Meditasyon (Sakin Uyanıklık) durumunun deneyimlenmesinin yararı bu noktada devreye girer. Uyku ve rüya durumlarının deneyimlenmesinin yeterli gelmediği birikmiş streslerin atılması Sakin Uyanıklık durumunun deneyimlenmesi ile atılabilir.
Meditasyonla ilgili bilinen en eski kayıtlara M.Ö. yaklaşık 5 ~ 7000 yıl öncesine dayanan “Veda Bilgileri”nde rastlanmaktadır.
Bu bilgilerde, insan zihninin 7 farklı “bilinç durumlarını” doğal bir eğilim olarak deneyimleyebileceği belirtilir.
Bu “bilinç durumları”nın ilk üçü hepimizin deneyimlediği ve bildi?i (1) UYKU, (2) RÜYA ve (3) UYANIKLIK bilinç durumlarıdır.
Zihnimiz bu 3 bilinç durumunu kendiliğinden, doğal olarak deneyimler. Bu deneyimin sonucu olarak da zihin ve beden fizyolojisi değişir. Uyku ve rüya süreçlerinde kendi kendini iyileştirme süreçleri hızlanır, zihin ve beden dinlenir. Yapılan araştırmalar bu durumu doğrulamaktadır.
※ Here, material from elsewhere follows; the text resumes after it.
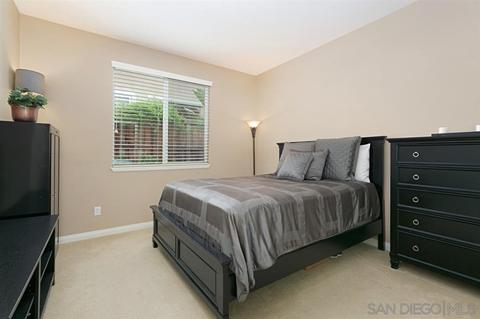 1159 Vista Pointe Blvd, Oceanside, CA 92057 photo 12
UYANIKLIK bilinç durumunun deneyimlenmesi ise zihin ve bedenin sürekli farklı bir aktivite içinde bulunduğu bir durumdur.
Eylemlerimizde ve bu eylemlerin sonucunda beklentilerimizde kişiden kişiye farklı düzeylerde olsa da kaygı, korku, endişe, keder, üzüntü, sevinç, mutluluk, mutsuzluk … vb. gibi duyguların etkisinde sürüp giden bir aktivite durumudur.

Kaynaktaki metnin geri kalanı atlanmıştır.